Jean-Pierre ne termina pas ses études primaires à Kinkempois. Pour je ne sais quelle raison, en 1965 ou 1966, ses parents avaient déménagé sur les hauteurs de Fléron, à l’autre bout de la ville. C’eût été un ami perdu à jamais si n’était survenu un accident qui faillit coûter la vie à mon Jean-Pierre. Je me souviens encore de notre instituteur de 6ème année, Monsieur Wuidar, qui était également le directeur de l’école, nous annonçant avec gravité que Jean-Pierre avait failli mourir asphyxié au gaz dans la salle de bain, suite à une panne du chauffe-eau. Il nous invita à écrire un petit mot de solidarité et je fus chargé de la rédaction.
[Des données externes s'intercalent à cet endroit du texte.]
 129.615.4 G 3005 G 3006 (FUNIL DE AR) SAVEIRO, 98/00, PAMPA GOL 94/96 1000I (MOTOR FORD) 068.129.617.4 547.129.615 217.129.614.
Rétrospectivement, je me demande si la panne du chauffe-eau au gaz ne masquait pas en fait une tentative de suicide. Jean-Pierre, sous ses côtés grande gueule et débonnaire, était un garçon sensible : il me raconta un jour combien il avait été marqué par l’histoire d’un de ses cousins qui, petit garçon, s’était pendu avec sa ceinture accrochée à une clenche de porte.
A partir de ce moment, nous sommes devenus grands amis. Le mercredi après-midi, nous passions deux à trois heures au téléphone. Je m’installais royalement dans le fauteuil en velours vert du bureau de mon grand-père, de sortie pour aller jouer aux cartes. Je fus pendant quelques années l’auditeur privilégié de Jempi. Il me dit un jour que son rêve était de devenir le nouveau Jean Nohain. Il dû m’expliquer qui était ce grand nom de la radio et pionnier de la télévision française. Je crois que je puis dire que c’est avec moi qu’il a fait ses classes, appris à captiver son public. J’étais fasciné par son bagout. Il me faisait découvrir la « culture de masse », dont mes parents avaient tenu à me préserver autant que possible. Dans ma famille d’enseignants sérieux et socialistes, on ne parlait des Beatles qu’avec mépris et les Stones n’existaient même pas. La télévision n’arriva chez mes grands-parents qu’en 1964 et chez nous à la fin des années 60. Elle était cachée à l’intérieur d’un meuble de style espagnol à cuarterones, dont les portes étaient rarement ouvertes. Jean-Pierre, lui, était au courant de tout ce qui émergeait et m’en parlait avec cet enthousiasme de découvreur-révélateur qui allait faire son succès trente ans plus tard.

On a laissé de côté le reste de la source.